# Badass kayak video



## sand flea (Oct 24, 1999)

Saw this on TW's site


----------



## BIG FINN (Jul 14, 2009)

took him awhile to land it, dont be scared of the bass jjuss yankem in the boat  Them dudes on the tandem are a motley crew hahaha


----------



## sand flea (Oct 24, 1999)

Love that camera mount. Captures the action well.


----------



## Drumdum (Jan 6, 2003)

sand flea said:


> Love that camera mount. Captures the action well.
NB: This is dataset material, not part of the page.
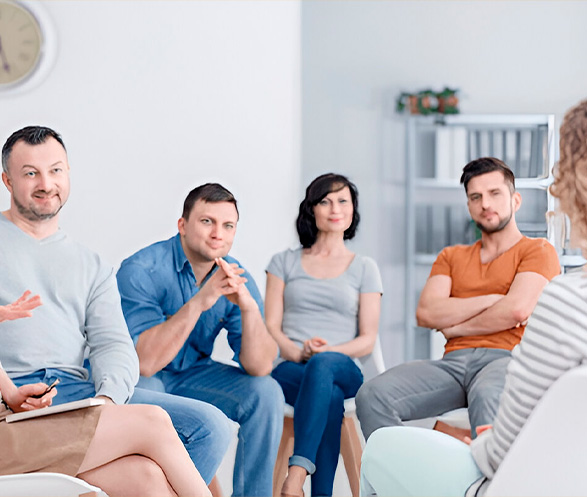 Charlas y alianzas con instituciones educativas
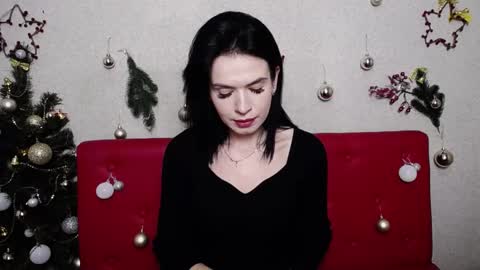 JasmineKouch online show from January 18, 9:45 pm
 That's the first thing I thought when I saw it,you cover the action MUCH BETTER with it.. Kinda handsfree mode.... Fishin in a yak,believe I'd use single hook jigs,and stay away from the trebles though...


----------



## straps57 (Nov 19, 2008)

If you like that one check this out.


----------



## moby dick (Jan 5, 2007)

Now that would suck a ride like that and then nothing.


----------



## RuddeDogg (Mar 20, 2004)

Awesome videos............


----------



## barnabus (Apr 23, 2010)

awesome video but that music makes the video hard to watch!


----------



## moby dick (Jan 5, 2007)

ARE these guys still going out or do you know who they are.Whoever they are great vid. guy and watch those hooks.


----------



## Too Busy (Sep 7, 2007)

Good to be dressed for cold, bad idea to be out without PFD's


----------



## 757 Fire (Jan 22, 2010)

That reel took a long dip in the water, bet it was a pain to clean. Nice view though.


----------



## 757 Fire (Jan 22, 2010)

straps57 said:


> If you like that one check this out.


Turn off the Dam clicker!!!!!!


----------